What I Need to Know

All this talk of websites can be daunting and overwhelming, but you know you need one. You might need a simple information site, a contact form so people can communicate with you, the opportunity to promote your product or publicise your services. Either way if a company today does not have a website they are immediately a step behind the rest. So how does it all work and what do you need to think about.

The process goes like this:


As you’re here on a site about website design and reading this page I assume you have a need and are thinking of having a website, so I won’t expand on this one.


This is about the idea, about how the site will look and feel, how it interacts with the person visiting your site (the user), what it conveys to the user as they move through the site.
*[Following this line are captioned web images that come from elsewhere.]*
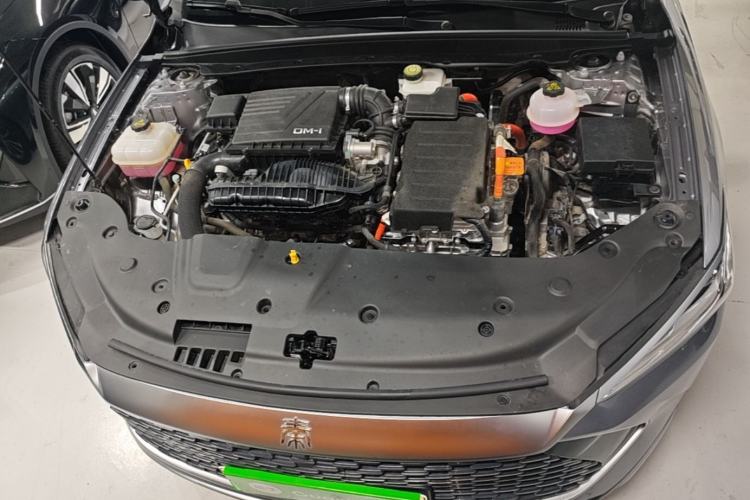 Used BYD Qin PLUS 2024 HONOR Edition DM-i 55KM Leading Model Engine Bay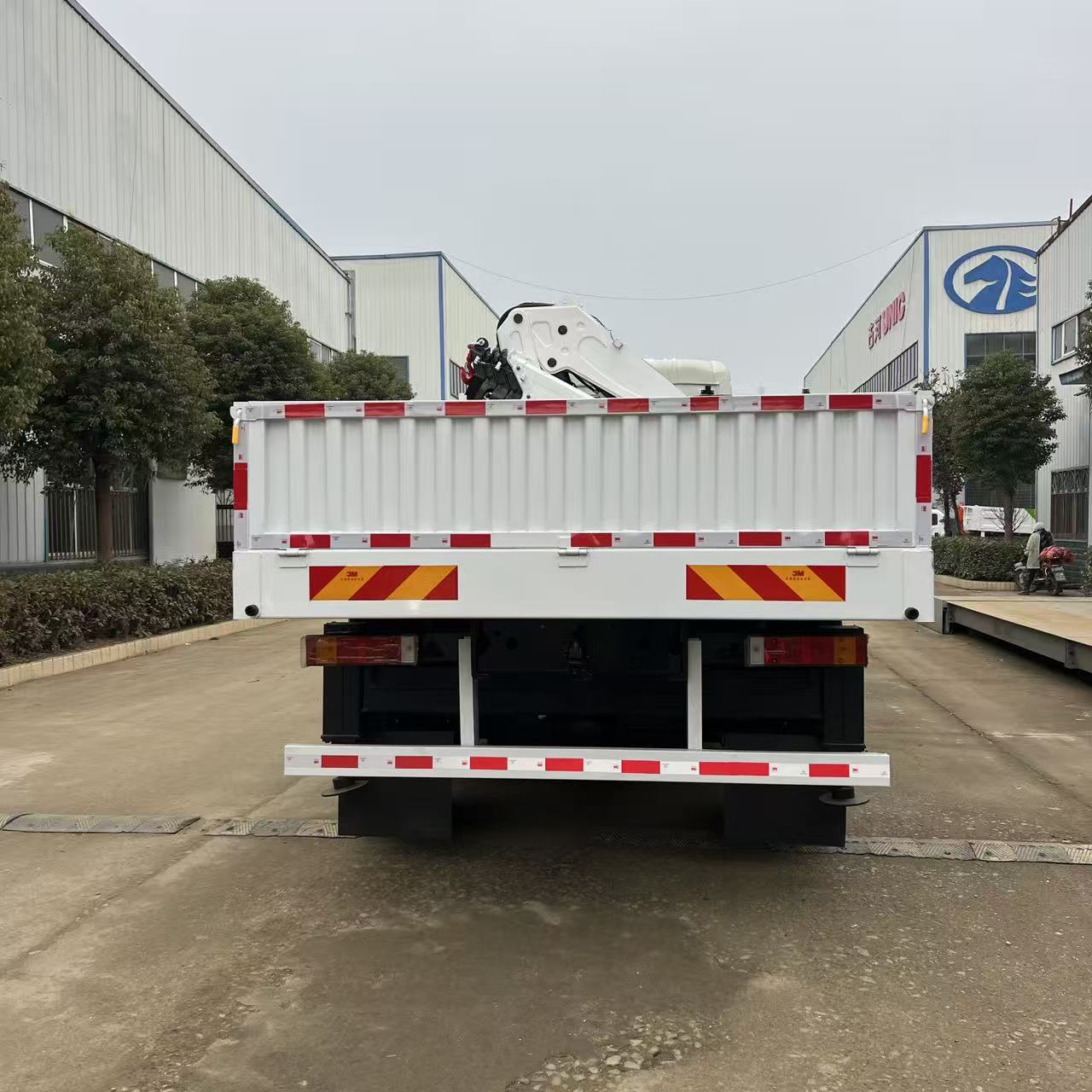  Dongfeng 6x6 six-drive truck crane 
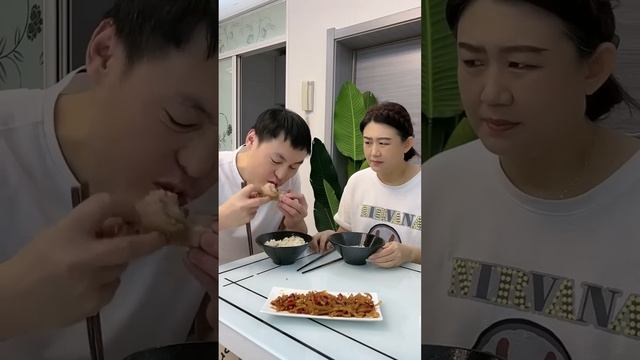 Exploring A Family's Hilarious Journey With Traditional Food🤣🤣💕👍😍 #funnyvideo #vlog80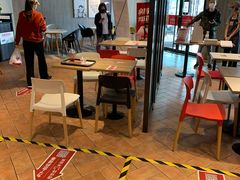 -肯德基(中纬店)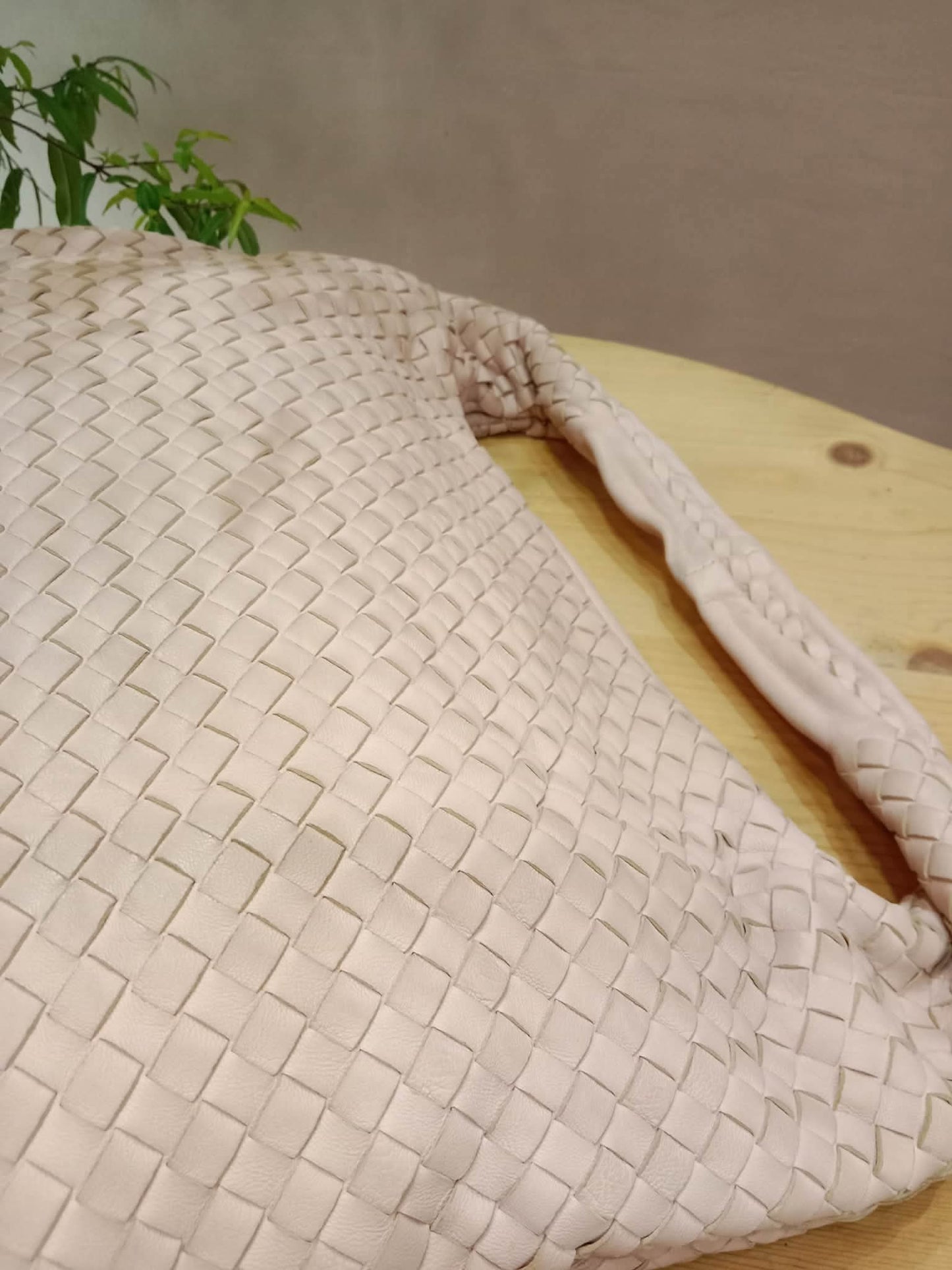Bottega Veneta Intrecciato Hobo Bag Pink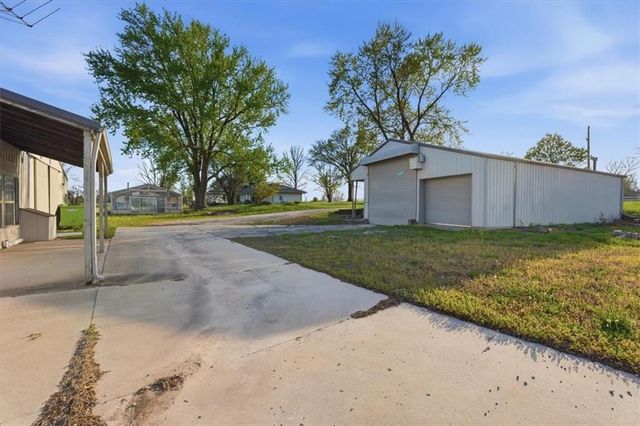 21503 S State Route Y Highway, Belton, MO 64012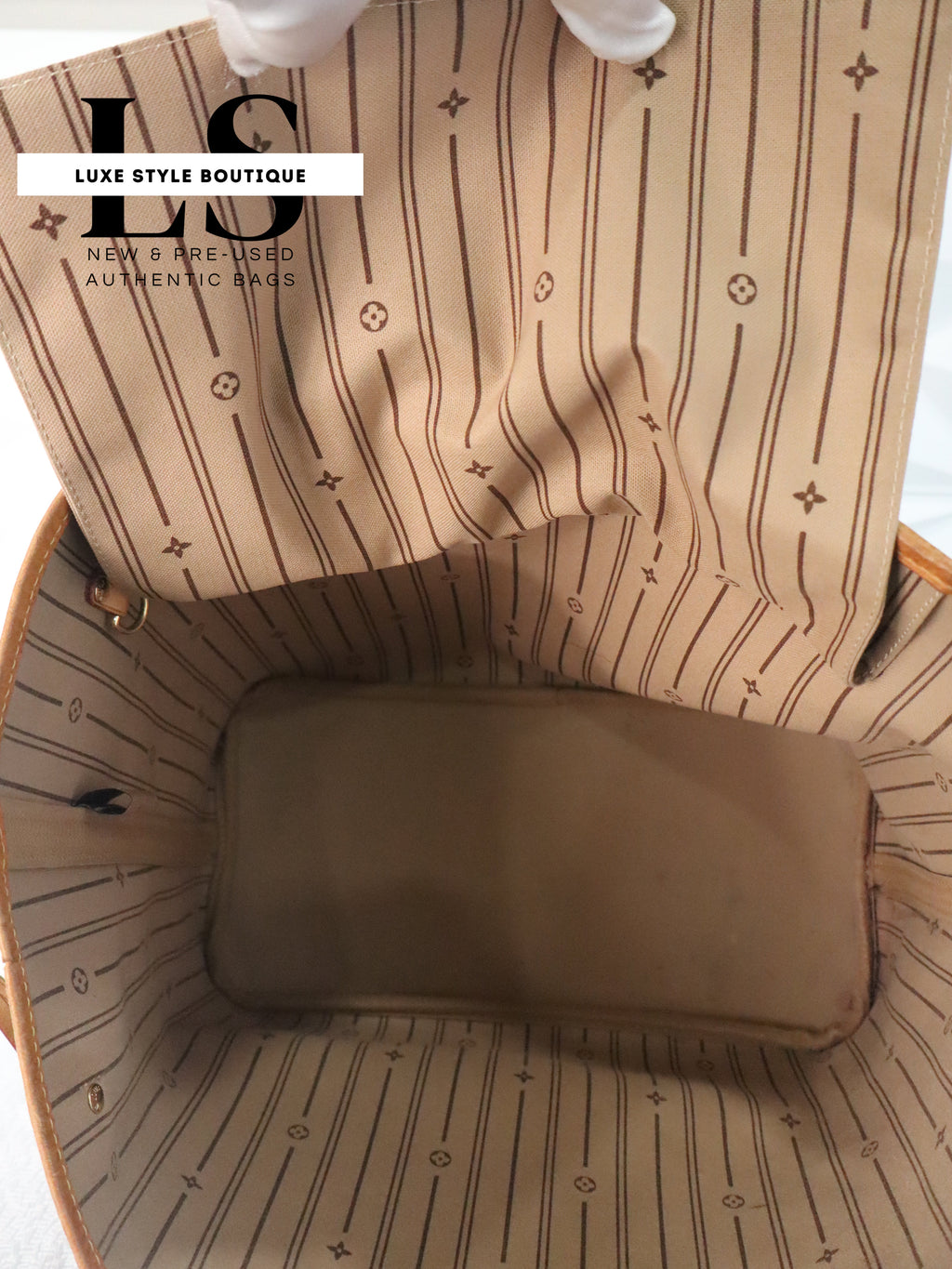 Louis Vuitton Neverfull Monogram Beige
It’s always good to have a rough idea of what you want (colours, images, wording, layouts) before you take the step of contacting a web designer. Sometimes a selection of websites to show a designer what you like, or feel is right for your website, is a good plan.


This is what your website is made from. Once you have a design that is either in your head, or better (and slightly more workable for a web developer) in a graphics package such as Adobe Photoshop, you need to transform that into something that will work on the internet. This framework could simply be HTML (Hyper Text Markup Language), which is the basic programming language that speaks to your web browser. However, if you have a more complex site with update and editing requirements it would be better to use a CMS (Content Management System), such as WordPress or Joomla!. Updates in pure HTML are generally better left to a web designer, but if you build your website on a CMS framework you’ll be able to edit most content as you would in a text editor like Microsoft Word.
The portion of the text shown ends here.